In a public notification, the college said Zimmermann told an inquiry committee that complying with the college’s bylaws on immunization would make it difficult for her to serve her patients with integrity.
“The registrant understood the college’s standards of practice and that her approach to practice does not align with the college’s regulation of the profession in that area,” the college wrote.
Zimmerman told the Times Colonist: “I swore an oath to be of service to humanity, not to the college.”
In a post on her website, she said she will not stop speaking or writing about what she’s hearing from parents, “that vaccines hurt their children and even caused autism.”
Zimmermann criticized the college for banning her from providing materials to patients regarding concerns about vaccines.
Greenstein said the issue of whether homeopaths should be regulated is not one for the college to address.
“However, the college strongly recommends the public choose a registered health professional when seeking health care,” he said in an email. “A regulated health professional needs to meet educational, training and ethical standards that can help in the delivering of safe care. Patients should check with the appropriate college to ensure their regulated health- care provider is registered.”
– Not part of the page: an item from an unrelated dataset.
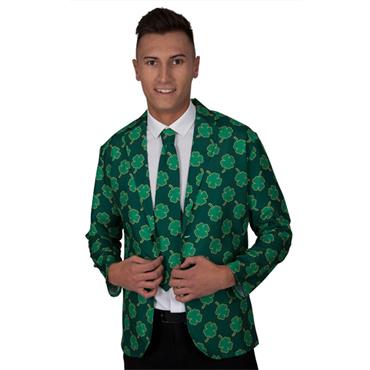 Glasses St Patricks Day Instant Fancy Dress Set Braces Bow Tie Ireland Irish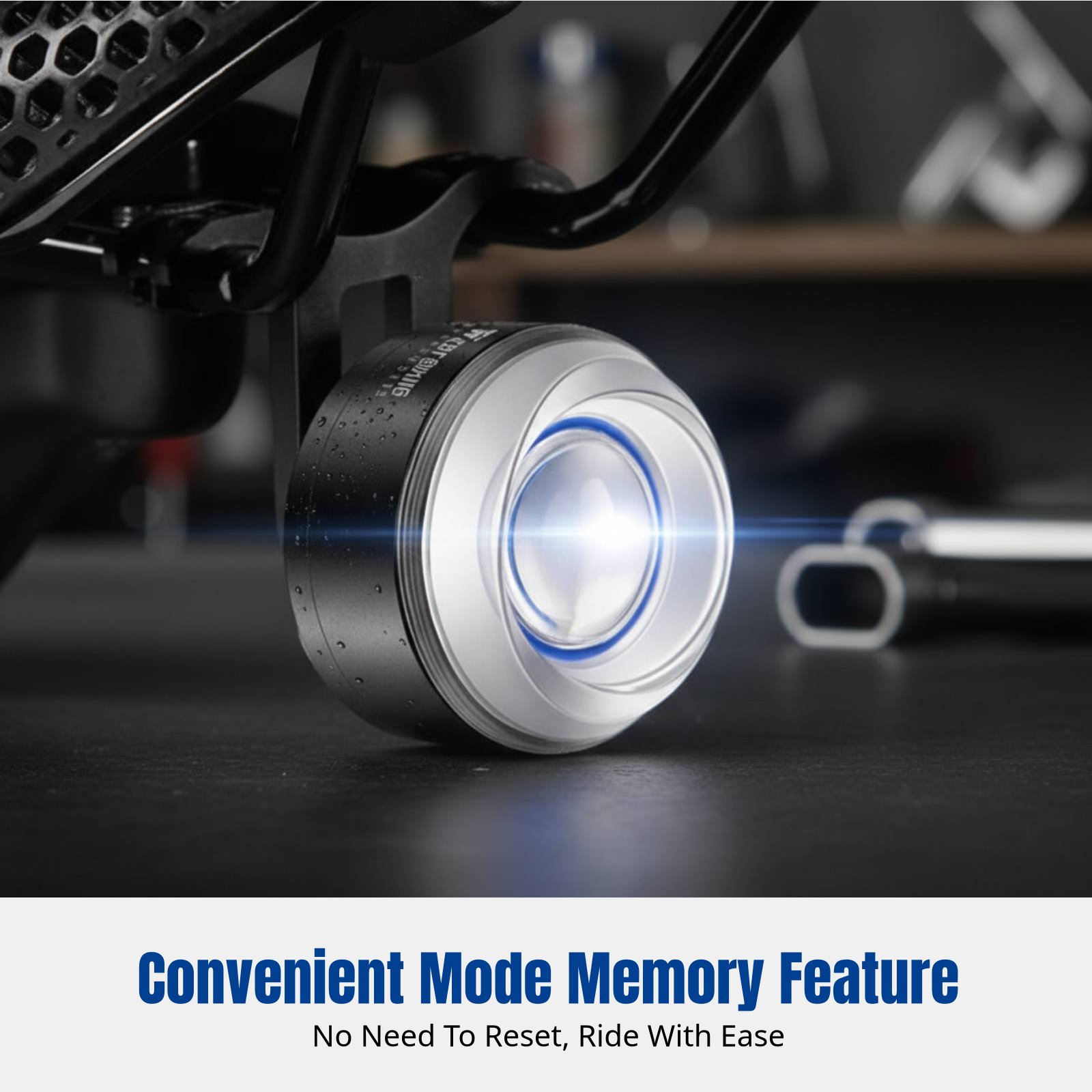 Smart Brake Sensing Bike Light - огляд і ціна Cycling Gear Design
Zimmermann wrote on her website this year that she had treated a four-year-old patient with a non-toxic remedy that included lyssinum, a product said to be made from rabies. The boy had been bitten by a dog years earlier, and a popular course of treatment in the homeopathic world is to use lyssinum.
Zimmermann’s actions attracted the attention of provincial health officer Dr. Bonnie Henry, who expressed “grave concerns” and asked Health Canada to review its approval of the product. Lyssinum could potentially put patients at risk of contracting rabies, Henry said in a statement in April. Health Canada is investigating.
Anke said on her website she filed a formal complaint about Henry with the Ministry of Health, MLAs and the premier.